SL: And it didn't come out under the name of Jeff Christie.

JC: No, because a group was put together and Brian suggested a name Christie because it was the fashion at the time to use the lead singer or writer of the group's surname, like Santana or Manfred Mann, I thought that was a good idea later on, so it came out as Christie.

SL: There were three of you in the group and one of them was Alan Blakley, the Tremeloe's, brother.

JC: Yeh, it was all very political how that band was put together. The Tremeloes were with CBS, Mike Smith was the producer for the Tremeloes, and they were just cracking the whip, they were saying this is how this is all going to happen. I was just a young lad from Leeds, overawed by it all. I met these two guys from London, Mike Blakley and Vic Elmes, they'd been playing for years and years trying to break through, they had groups like The Epics and Acid Gallery, and had all this help from Alan Blakley, and still hadn't made it. We started rehearsing, it was ok but I wasn't happy at all. The song was No 1 and we went all over the world and they were putting us out on tours, but I really felt it just wasn't good enough. I said to management either they go or I go, and I sort of closed the band down 18 months later. I resurrected it and put different people in. Over the next five years different people would come into the group, and it didn't matter because really it was only a vehicle for me and my songs.
   (In the 90s) I put a band together again because people had been getting in touch with me for the nostalgia circuit, in places like Germany. That band's been with me now nearly 20 years.

thommySL: That explains a German album I have called Thommy's Christmas Party, which features two songs from the new band.

JC: They wanted a lot of bands to do two tracks each for a Christmas album .. one would be a classic Christmas song and the other one of your own. I had a song of my own called Northern Lights, which I changed to Yuletide Lights. So then I had to choose another song, a cover, and I thought, "What's left", I don't like most of them anyway, and it dawned on me that probably the best Christmas song was Happy Christmas War Is Over, and I thought, dare I do that? It was a great song and me tipping my hat to Lennon and the Beatles because they kicked the doors down for the old regime of what music was in this country, and have a crack yourselves.

SL: People can still book Christie and you do stuff like Yellow River and new songs.

JC: Yes, we're out this week in Germany and been to Spain this year doing TV and we have a big show in Belgium coming up, there's always been a strong reverence in Germany for British hit bands of the 60s and 70s. Probably goes back to the Beatles Hamburg thing? Yellow River and San Bernadino have become two very big worldwide hits and Yellow River in particular has become kind of a standard, kind of a classic.

SL: Using Yellow River for Yellow Pages .. that must have been your pension.

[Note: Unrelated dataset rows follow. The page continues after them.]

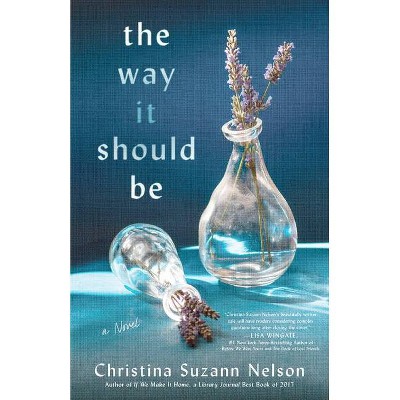 The Way It Should Be - by Christina Suzann Nelson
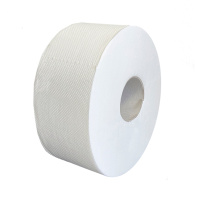 Туалетная бумага Merida Top Mini TB2401, в рулоне, 170м, 2 слоя, белый, 12 рулонов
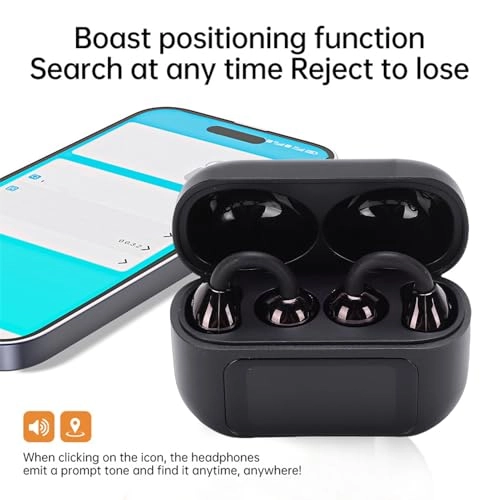 Open Ear Earbuds Wireless Earbud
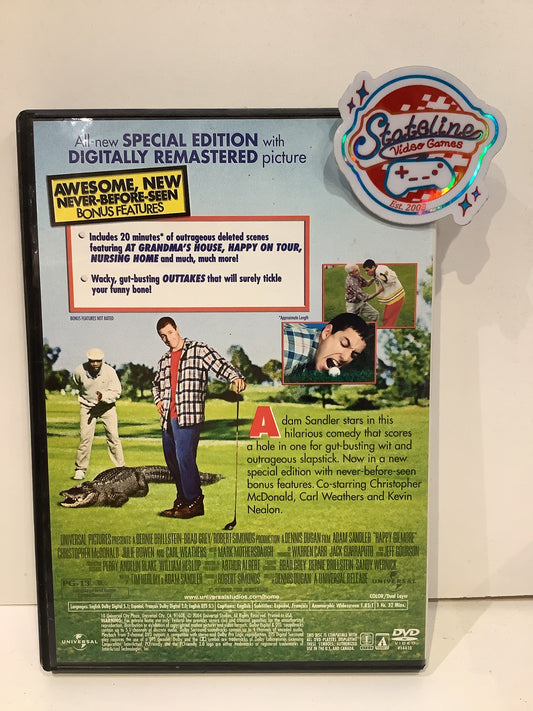 Happy Gilmore - DVD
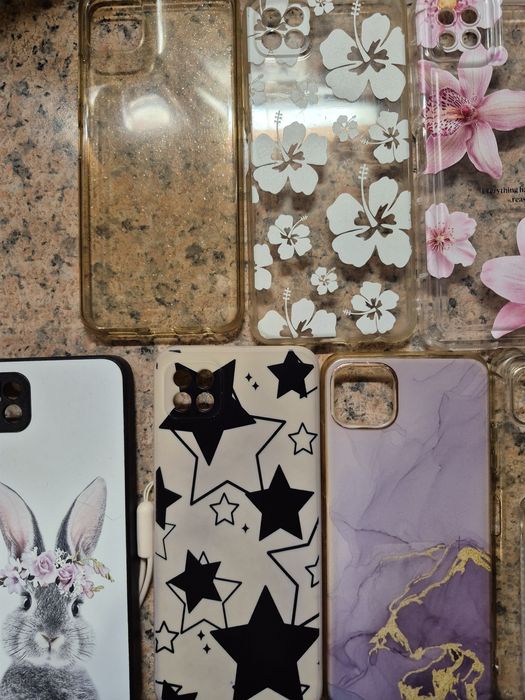 Калъфи за Samsung Galaxy A22 5G и Redmi Note 9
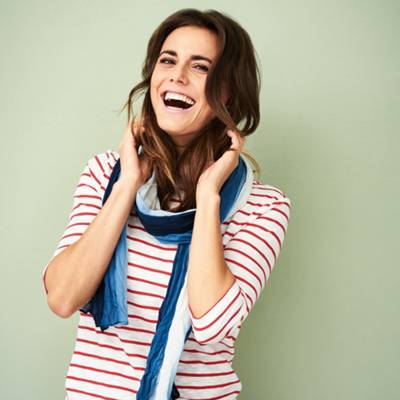 Shirt 3/4-Arm-Shirts 2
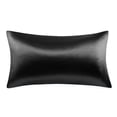 thumbnail image 1 of Chelsea Square 2pc Satin Pillowcases, 1 of 2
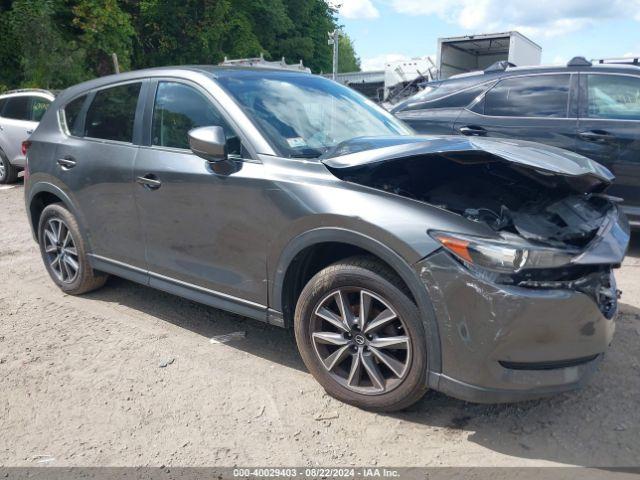  Salvage Mazda Cx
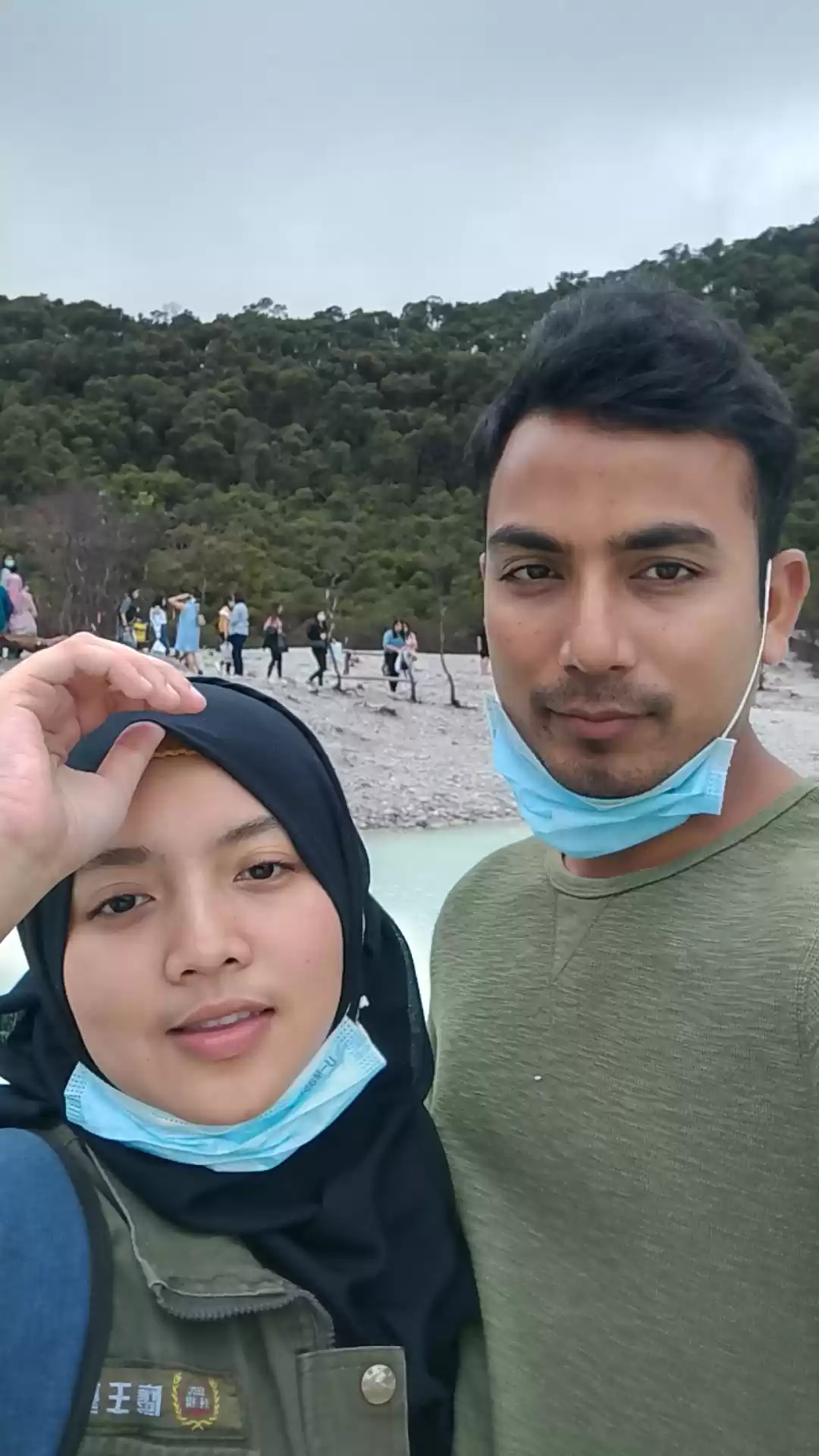 Photo of #SelfieWithAView #Tr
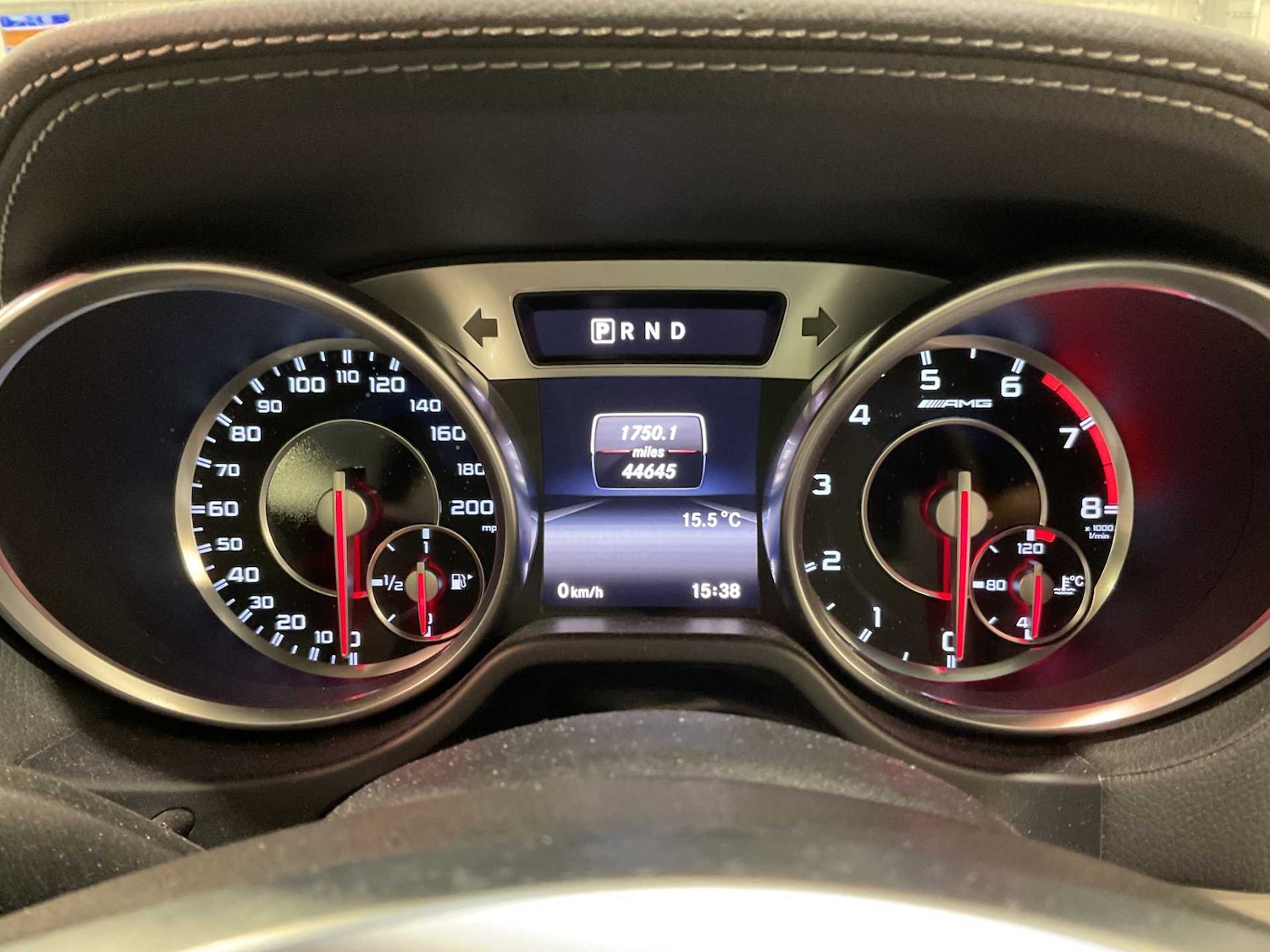 Used Mercedes-Benz SL 2015 for sale - 77472745: Photo 19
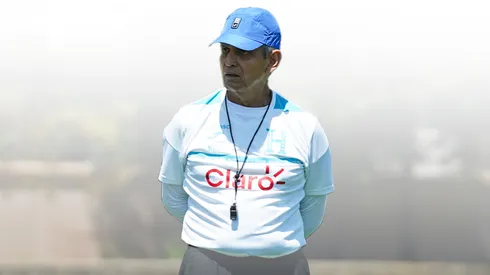 Reinaldo Rueda con un problema para los partidos de noviembre.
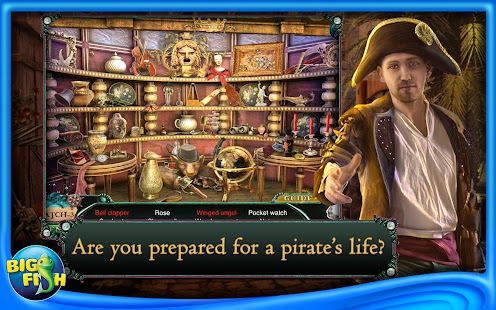Sea of Lies: Mutiny of the Heart 1.0 APK + Мод (Полный) за Android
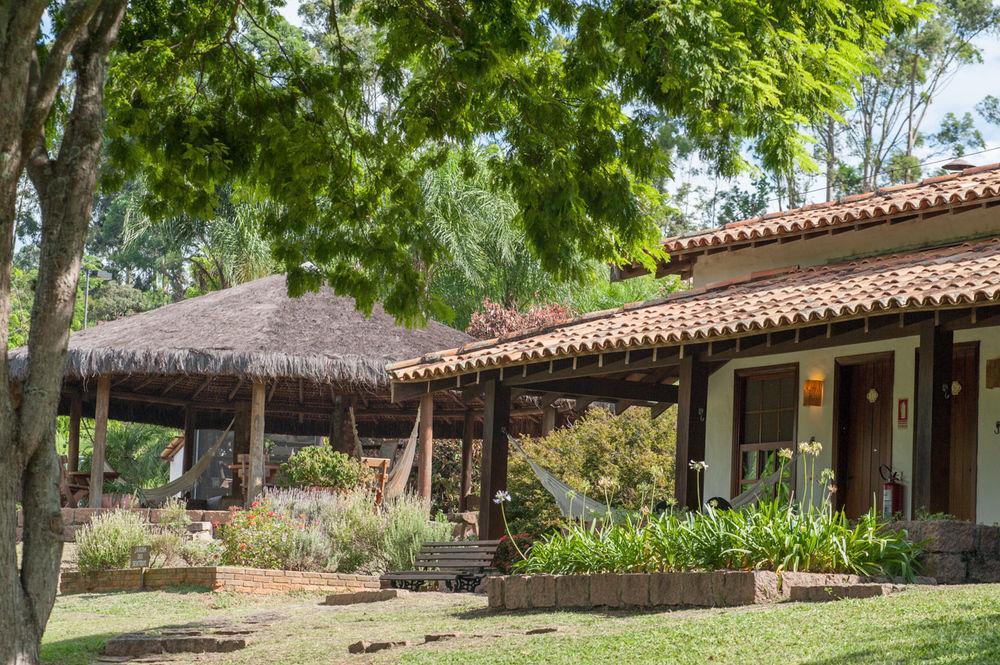 Hotel Fazenda Capoava Cabreúva Zewnętrze zdjęcie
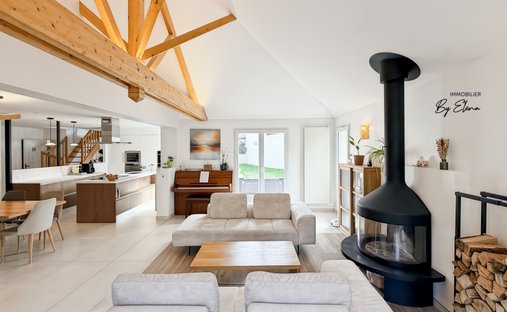 Villa en Centre Ville Sud Ouest, Bussy-Saint-Georges, Francia 1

JC: No, no, believe it or not .. these things are done by the publishers, I had no say in it at all. At first I thought it cheapened the song in some way, fingers walking and stuff like that, but if it had come to me in the first place, I would have probably said No. Songs are like your babies, you nourish them and send them out into the world, and if they're really, really successful, they have a life of their own, you can't always control them.

SL: Jeff Christie, it's been great talking to you, thanks very much indeed, and we hope to see you playing Yellow River live in Liverpool at some stage.

JC: Well, I'd love to come to Liverpool and play at the Cavern!